• **About this exercise**:
Count how many lines hold "Mini" in the records, and respond with that number by itself.

• **Excerpted data**:
##########
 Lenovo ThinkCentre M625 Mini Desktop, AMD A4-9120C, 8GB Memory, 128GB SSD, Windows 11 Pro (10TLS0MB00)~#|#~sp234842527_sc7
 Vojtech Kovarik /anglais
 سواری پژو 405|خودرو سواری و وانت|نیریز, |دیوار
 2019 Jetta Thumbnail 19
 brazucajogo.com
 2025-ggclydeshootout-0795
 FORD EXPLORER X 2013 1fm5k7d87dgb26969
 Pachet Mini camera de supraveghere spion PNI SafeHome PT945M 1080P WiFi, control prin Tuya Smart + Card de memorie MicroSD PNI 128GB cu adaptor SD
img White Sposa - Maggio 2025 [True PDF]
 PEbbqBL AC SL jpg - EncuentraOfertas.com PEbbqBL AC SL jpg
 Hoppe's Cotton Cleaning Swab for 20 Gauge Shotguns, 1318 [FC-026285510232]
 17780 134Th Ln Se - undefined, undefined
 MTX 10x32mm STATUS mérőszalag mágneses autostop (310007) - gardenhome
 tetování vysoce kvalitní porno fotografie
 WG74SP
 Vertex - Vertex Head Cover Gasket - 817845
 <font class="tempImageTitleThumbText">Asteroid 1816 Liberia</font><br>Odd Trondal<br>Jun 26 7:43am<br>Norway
##########
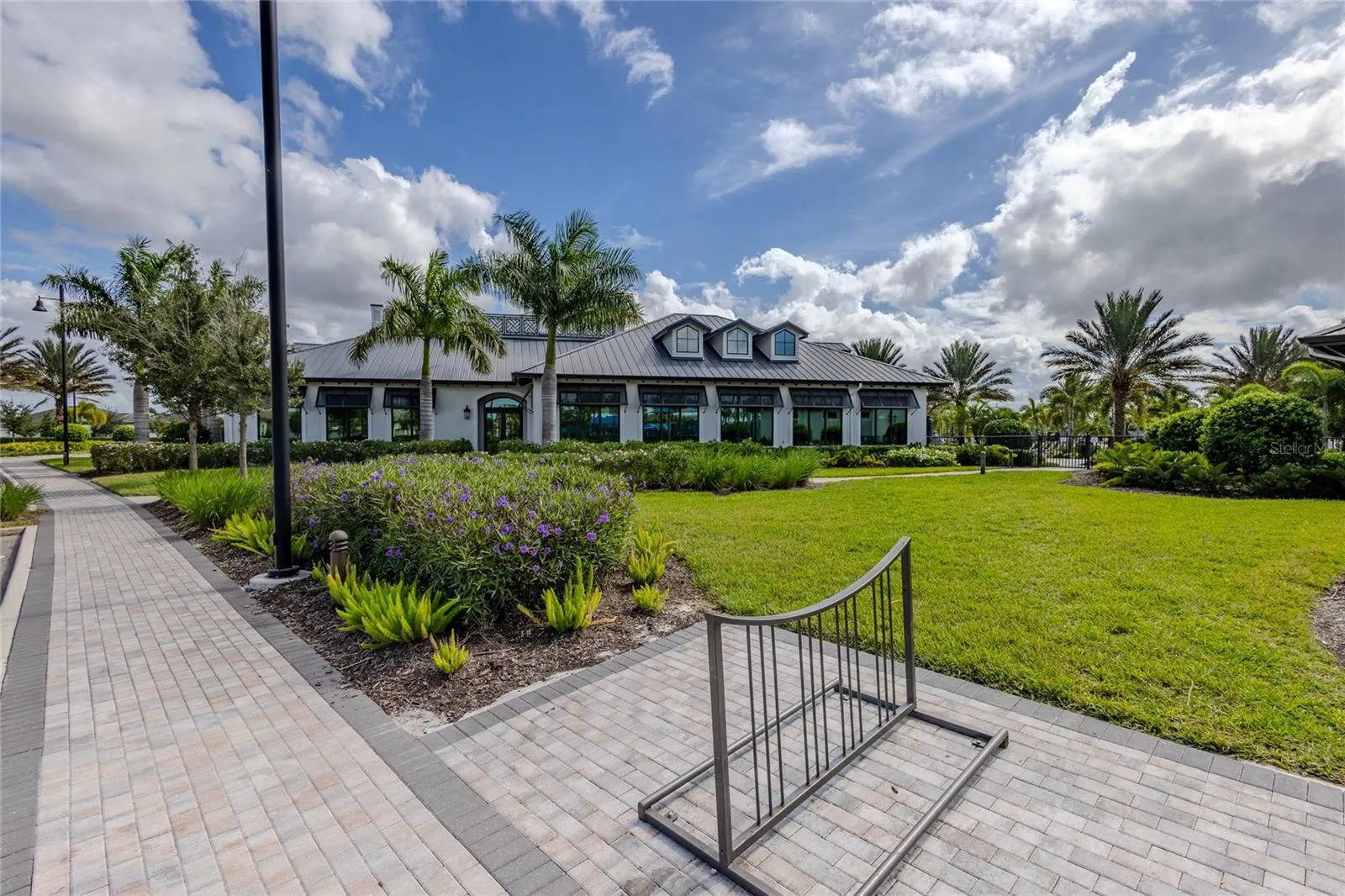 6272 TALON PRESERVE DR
##########
• **Completed task**:
2